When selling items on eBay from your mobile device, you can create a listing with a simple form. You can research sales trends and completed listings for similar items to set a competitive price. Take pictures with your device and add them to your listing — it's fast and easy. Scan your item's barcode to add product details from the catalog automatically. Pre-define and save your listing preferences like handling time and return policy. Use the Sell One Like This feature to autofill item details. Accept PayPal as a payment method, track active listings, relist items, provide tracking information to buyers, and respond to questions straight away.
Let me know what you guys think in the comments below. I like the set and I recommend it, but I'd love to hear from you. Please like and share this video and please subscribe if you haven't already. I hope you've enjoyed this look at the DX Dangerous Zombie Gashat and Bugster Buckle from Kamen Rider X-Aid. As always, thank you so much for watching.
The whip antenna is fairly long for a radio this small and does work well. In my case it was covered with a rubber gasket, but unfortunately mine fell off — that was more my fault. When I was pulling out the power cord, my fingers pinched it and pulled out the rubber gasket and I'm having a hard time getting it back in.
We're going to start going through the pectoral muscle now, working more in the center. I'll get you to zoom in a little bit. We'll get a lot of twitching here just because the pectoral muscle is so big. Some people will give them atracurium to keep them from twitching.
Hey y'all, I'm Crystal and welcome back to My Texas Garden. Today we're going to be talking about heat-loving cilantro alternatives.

* * *

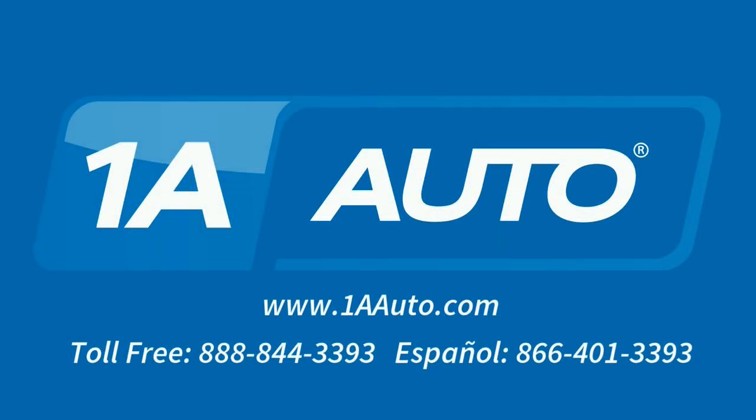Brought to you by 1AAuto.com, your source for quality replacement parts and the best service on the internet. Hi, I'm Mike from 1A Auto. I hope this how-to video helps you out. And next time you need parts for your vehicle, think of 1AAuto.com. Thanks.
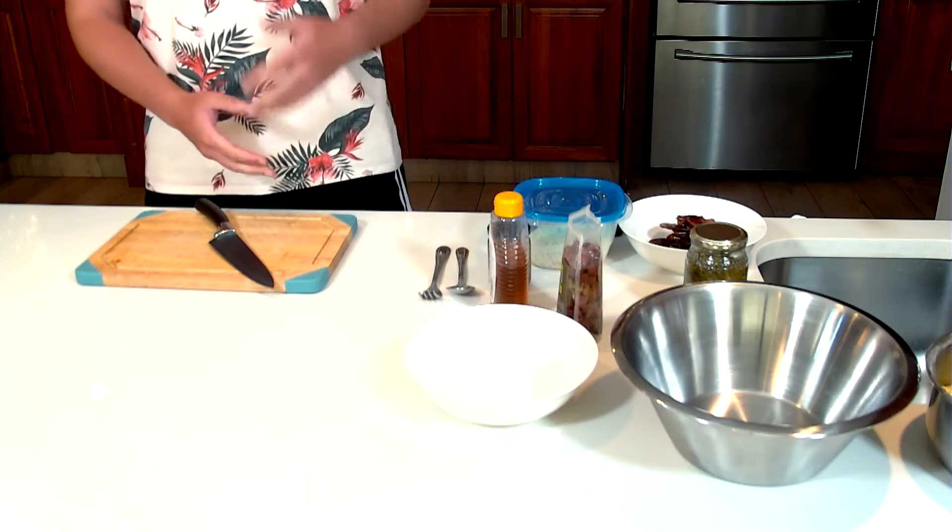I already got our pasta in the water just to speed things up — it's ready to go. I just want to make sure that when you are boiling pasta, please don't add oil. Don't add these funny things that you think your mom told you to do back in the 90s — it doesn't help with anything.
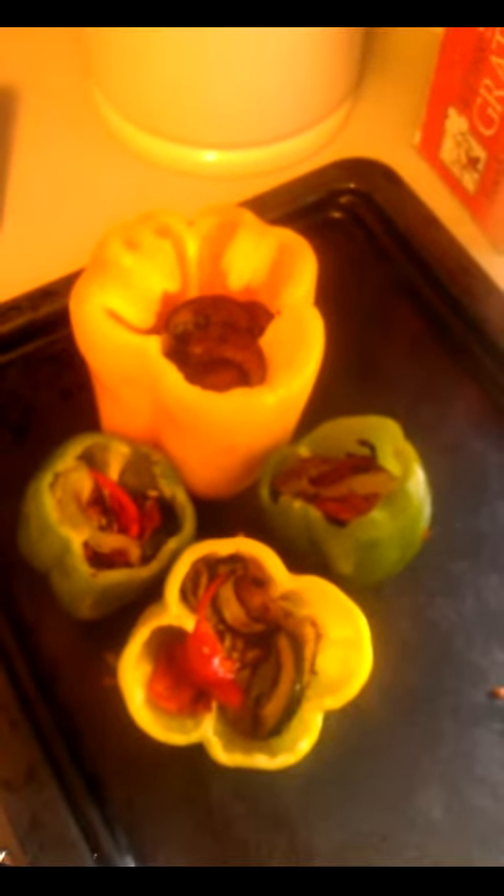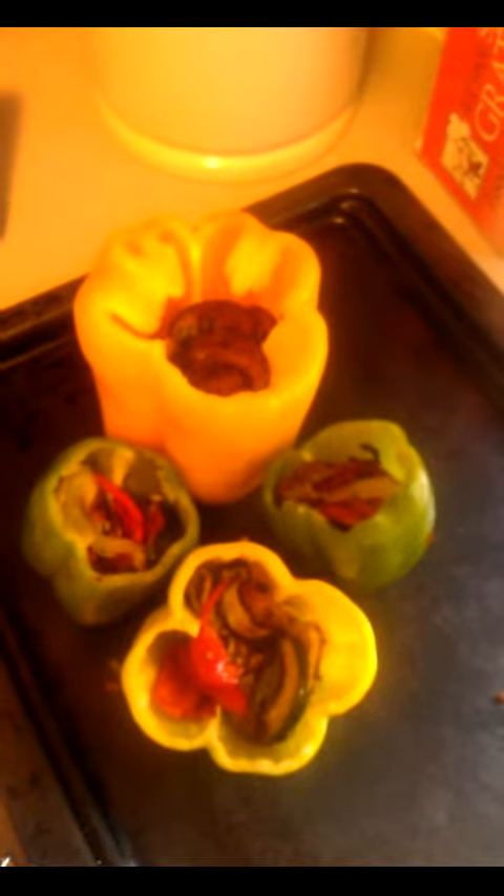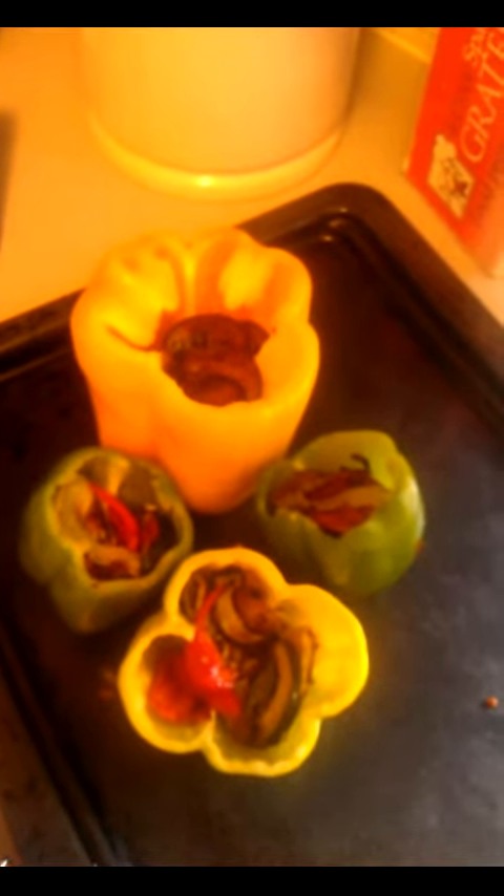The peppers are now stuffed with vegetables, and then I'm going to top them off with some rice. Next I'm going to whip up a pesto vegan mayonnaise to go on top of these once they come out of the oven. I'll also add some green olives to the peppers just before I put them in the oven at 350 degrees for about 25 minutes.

---

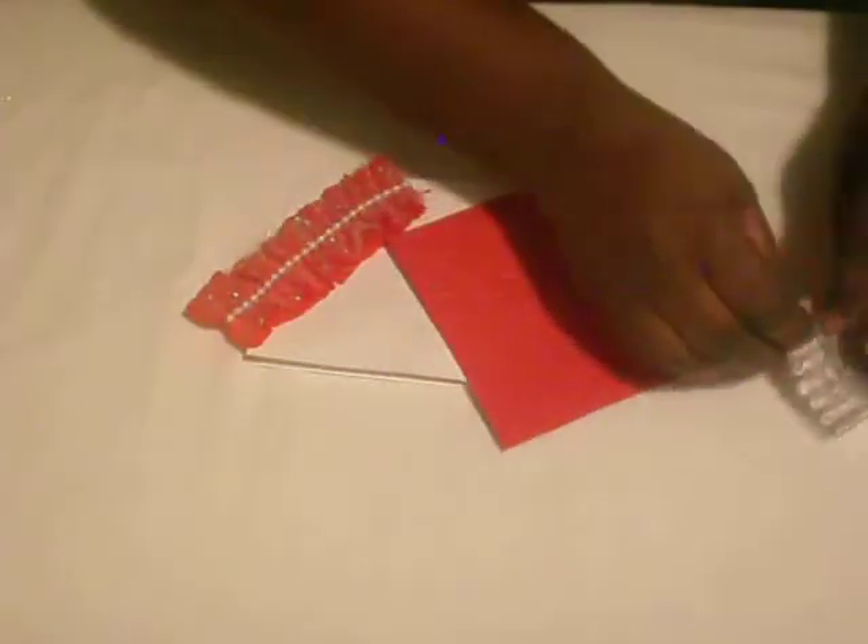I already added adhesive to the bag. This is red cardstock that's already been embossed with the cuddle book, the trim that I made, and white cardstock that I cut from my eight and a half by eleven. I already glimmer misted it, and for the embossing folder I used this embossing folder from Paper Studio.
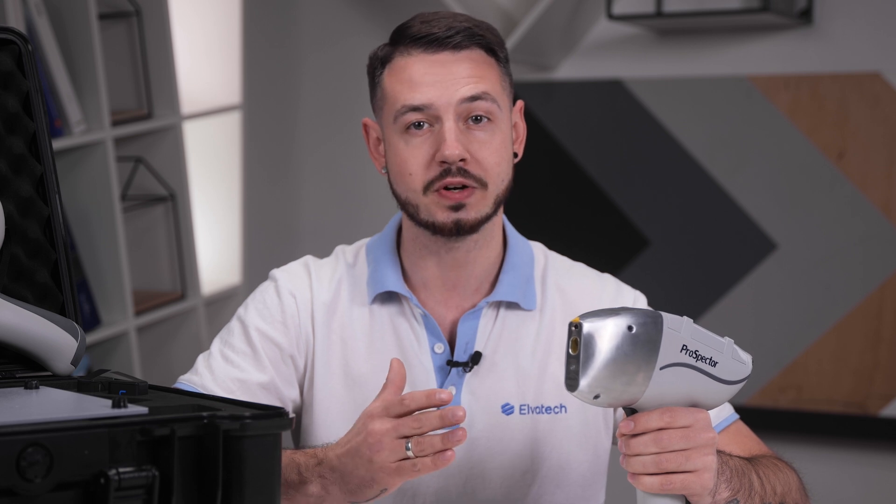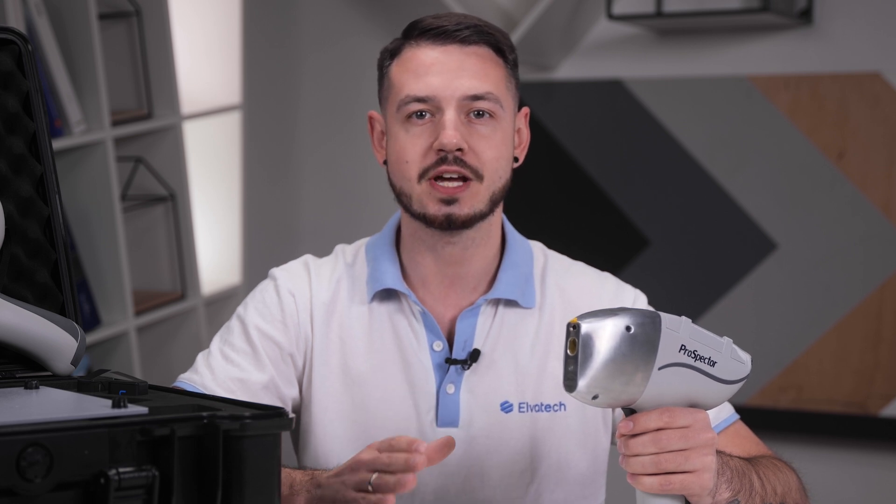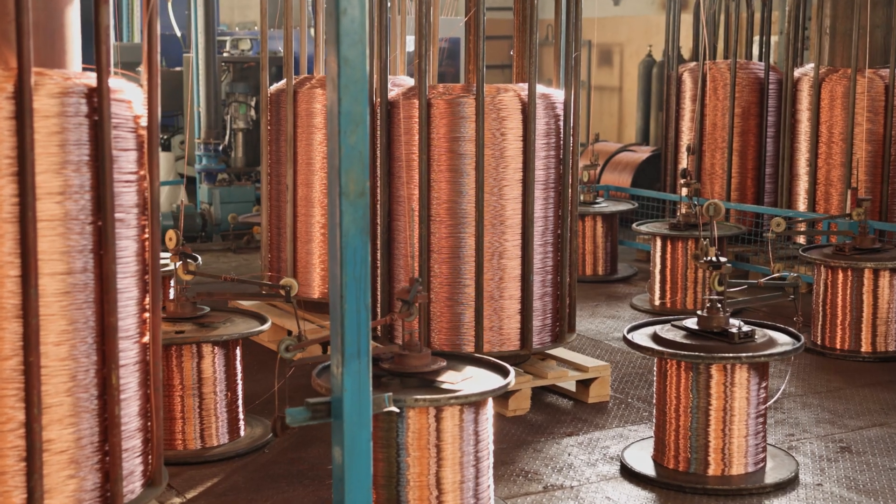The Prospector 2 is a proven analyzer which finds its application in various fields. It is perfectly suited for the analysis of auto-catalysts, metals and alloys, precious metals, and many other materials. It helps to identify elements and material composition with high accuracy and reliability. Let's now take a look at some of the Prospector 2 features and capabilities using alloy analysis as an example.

> [Task objective]
All that is needed is the exact run of lines above from the line containing "Let me know" through the line containing "Hey y'all, I'm", both of them included.

> [Result]
Let me know what you guys think in the comments below. I like the set and I recommend it, but I'd love to hear from you. Please like and share this video and please subscribe if you haven't already. I hope you've enjoyed this look at the DX Dangerous Zombie Gashat and Bugster Buckle from Kamen Rider X-Aid. As always, thank you so much for watching.
The whip antenna is fairly long for a radio this small and does work well. In my case it was covered with a rubber gasket, but unfortunately mine fell off — that was more my fault. When I was pulling out the power cord, my fingers pinched it and pulled out the rubber gasket and I'm having a hard time getting it back in.
We're going to start going through the pectoral muscle now, working more in the center. I'll get you to zoom in a little bit. We'll get a lot of twitching here just because the pectoral muscle is so big. Some people will give them atracurium to keep them from twitching.
Hey y'all, I'm Crystal and welcome back to My Texas Garden. Today we're going to be talking about heat-loving cilantro alternatives.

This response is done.